Abstract
Artificial intelligence (AI)-powered voice clones are increasingly utilized in educational and clinical applications, providing valuable tools for platforms such as IELTS, Duolingo, audiobooks, and assistive technologies like ESTA and Socially Assistive Robots. Despite their potential, AI-generated voices often fall short in replicating human-like prosodic features, such as fundamental frequency (F0) and rhythm, crucial for conveying emotion and ensuring intelligibility, particularly in noisy environments. The effects of these prosodic differences on speech perception remain largely unexplored.
This study explores three critical questions: (1) how AI-generated speech affects perception accuracy and behavioural performance, (2) whether AI speech prompts neural compensation, as indicated by EEG data, and (3) how variations in prosodic features (F0 and rhythm) influence speech entrainment.

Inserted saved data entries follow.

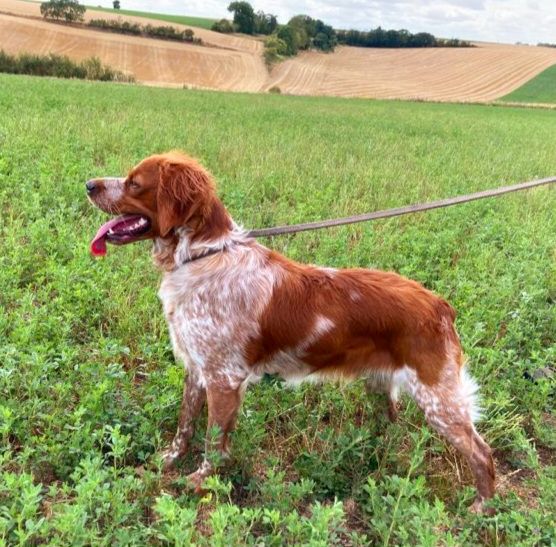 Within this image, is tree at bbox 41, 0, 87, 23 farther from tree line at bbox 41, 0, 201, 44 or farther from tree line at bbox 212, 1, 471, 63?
tree line at bbox 212, 1, 471, 63

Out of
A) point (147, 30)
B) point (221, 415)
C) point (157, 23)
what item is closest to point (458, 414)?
point (221, 415)

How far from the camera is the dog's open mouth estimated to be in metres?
3.19

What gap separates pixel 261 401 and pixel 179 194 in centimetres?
152

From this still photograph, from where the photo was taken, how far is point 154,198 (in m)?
3.12

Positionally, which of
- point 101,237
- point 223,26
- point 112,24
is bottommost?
point 101,237

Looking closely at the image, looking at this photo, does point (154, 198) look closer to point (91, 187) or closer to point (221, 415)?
point (91, 187)

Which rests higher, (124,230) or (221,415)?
(124,230)

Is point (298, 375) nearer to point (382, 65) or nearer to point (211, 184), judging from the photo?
point (211, 184)

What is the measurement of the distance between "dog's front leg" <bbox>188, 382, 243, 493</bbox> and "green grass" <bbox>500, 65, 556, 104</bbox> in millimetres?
53912

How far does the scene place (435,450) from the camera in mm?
3281

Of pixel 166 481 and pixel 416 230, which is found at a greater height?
pixel 416 230

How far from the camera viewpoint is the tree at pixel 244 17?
75.8 metres

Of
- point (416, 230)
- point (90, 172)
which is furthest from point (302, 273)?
point (90, 172)

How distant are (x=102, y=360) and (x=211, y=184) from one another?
1.61 meters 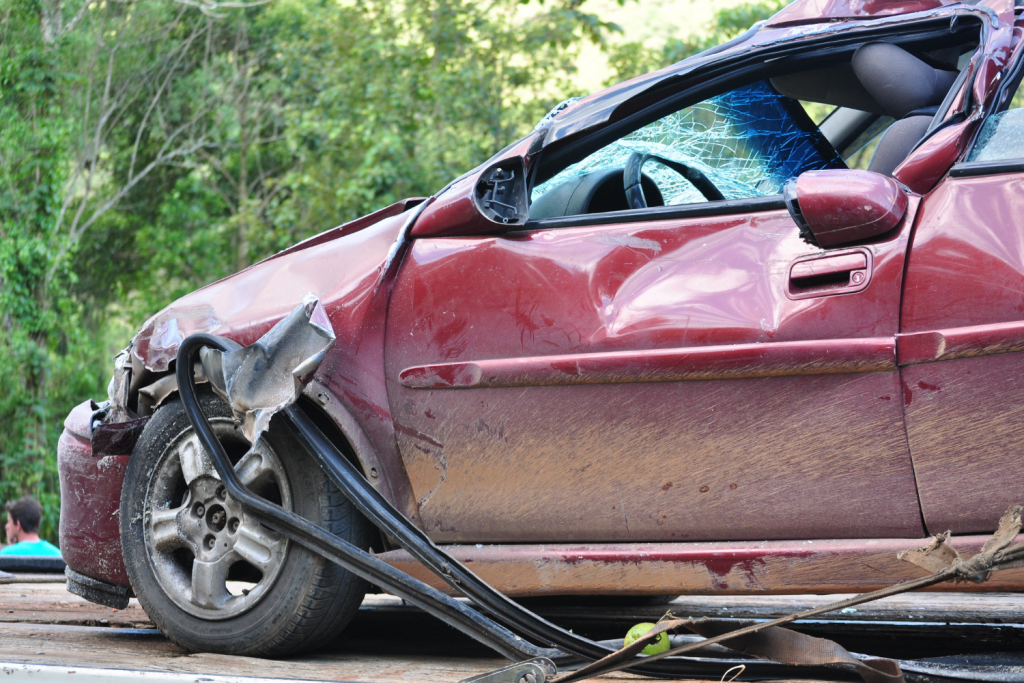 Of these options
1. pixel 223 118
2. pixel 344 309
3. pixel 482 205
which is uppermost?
pixel 223 118

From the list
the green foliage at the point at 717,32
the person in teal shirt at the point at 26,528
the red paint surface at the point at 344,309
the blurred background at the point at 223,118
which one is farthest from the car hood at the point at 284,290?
the green foliage at the point at 717,32

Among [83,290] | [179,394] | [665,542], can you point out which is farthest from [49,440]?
[665,542]

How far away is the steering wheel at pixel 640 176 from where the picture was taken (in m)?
2.85

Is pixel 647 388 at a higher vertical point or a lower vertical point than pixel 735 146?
lower

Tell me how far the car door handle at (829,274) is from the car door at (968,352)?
0.32 feet

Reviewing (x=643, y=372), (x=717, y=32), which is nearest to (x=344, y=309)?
(x=643, y=372)

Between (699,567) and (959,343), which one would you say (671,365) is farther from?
(959,343)

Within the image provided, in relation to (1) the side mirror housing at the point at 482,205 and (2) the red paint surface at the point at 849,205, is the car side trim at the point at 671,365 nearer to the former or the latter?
(2) the red paint surface at the point at 849,205

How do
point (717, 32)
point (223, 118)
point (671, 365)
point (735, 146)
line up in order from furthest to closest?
point (223, 118)
point (717, 32)
point (735, 146)
point (671, 365)

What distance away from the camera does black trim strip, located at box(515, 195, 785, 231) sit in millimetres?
2201

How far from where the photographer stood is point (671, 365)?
2133mm

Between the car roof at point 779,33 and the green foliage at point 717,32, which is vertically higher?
the green foliage at point 717,32

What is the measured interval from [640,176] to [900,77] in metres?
0.83

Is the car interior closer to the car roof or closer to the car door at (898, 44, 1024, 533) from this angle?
the car roof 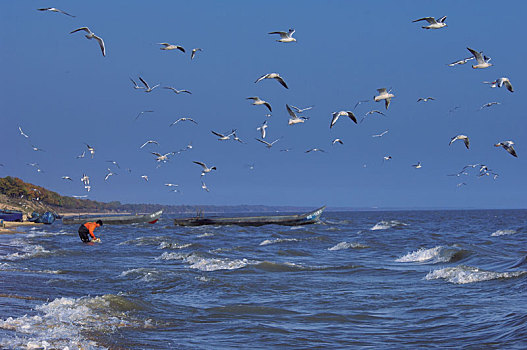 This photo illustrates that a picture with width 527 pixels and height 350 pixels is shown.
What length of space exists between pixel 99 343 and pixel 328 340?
4.23 metres

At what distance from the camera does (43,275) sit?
21.2m

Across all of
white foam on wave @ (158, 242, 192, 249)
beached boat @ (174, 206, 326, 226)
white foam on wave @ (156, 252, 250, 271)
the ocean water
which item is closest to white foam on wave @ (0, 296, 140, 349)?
the ocean water

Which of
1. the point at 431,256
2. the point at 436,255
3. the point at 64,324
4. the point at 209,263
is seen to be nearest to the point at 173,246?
the point at 209,263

We present initial findings from a behavioural pilot study which tested listeners’ perceptions of natural speech, AI voice clones, and prosodically manipulated speech, focusing on ratings of naturalness (Multiple Stimuli with Hidden Reference and Anchor, MUSHRA) and similarity. MUSHRA and Similarity tests were implemented on the Gorilla online experiment platform. Data were collected from 60 native English speakers recruited via Prolific (30 participants per test). Participants compared natural voice samples to those generated by AI models, including Elevenlabs, XTTS, StyleTTS, and a re-synthesized sample with manipulated F0 contours.
Results indicate Elevenlabs achieved high ratings, closely approaching human-like naturalness and similarity. In contrast, XTTS and StyleTTS exhibited notable limitations, scoring significantly lower. These findings provide valuable insights for refining AI-generated voices and selecting stimuli for the upcoming EEG experiment on neural responses to AI-generated speech.